Thousands of Citrix servers could be at risk of attack
Many Citrix ADC and Gateway servers remain vulnerable to high-severity flaws that were reportedly patched by the company weeks ago, experts have claimed.
In early November 2022, Citrix uncovered and patched an “Unauthorized access to Gateway user capabilities” flaw, since tracked as CVE-2022-27510. Affecting both products, it allows an attacker to gain authorized access to target endpoints (opens in new tab), take over the devices remotely, and bypass the device’s brute force login protection.
Roughly a month later, in mid-December, the company fixed an “Unauthenticated remote arbitrary code execution” flaw, since tracked as CVE-2022-27518. This one allows threat actors to execute malicious code on the target endpoint, remotely.
NSA warning
Both have a 9.8/10 severity score, and at least one of them was abused in the wild as a zero-day, researchers from NCC Group’s Fox IT team claim.

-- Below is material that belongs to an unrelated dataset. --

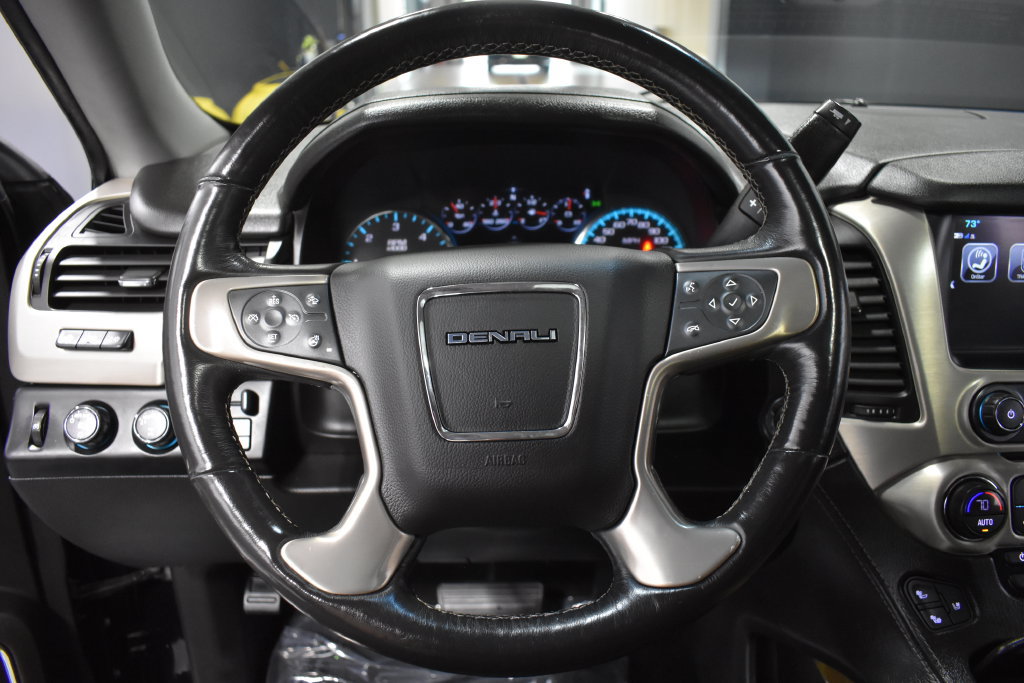 Used 2017 GMC Yukon XL Denali w/ Open Road Package AWD/4WD image 30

In fact, the US National Security Agency (NSA) warned in early December, that a hacking collective backed by the Chinese state was exploiting the latter vulnerability as a zero-day security flaw.
Back then, in an official blog post, chief security and trust officer at Citrix Peter Lefkowitz claimed that “limited exploits of this vulnerability have been reported,” but did not elaborate on the number of attacks or the industries involved.
Sometimes referred to as Manganese, this group of threat actors has apparently explicitly targeted networks running these Citrix applications to break through organizational security without first having to steal credentials via social engineering and phishing attacks.
The researchers have also said that while the majority of endpoints had been patched since the release of the fixes, there are “thousands” of vulnerable servers out there. As of November 11 2022, at least 28,000 Citrix servers were found to have been at risk.
“We hope this blog creates extra awareness for these two Citrix CVEs and that our research on version identification contributes to future studies,” the researchers concluded.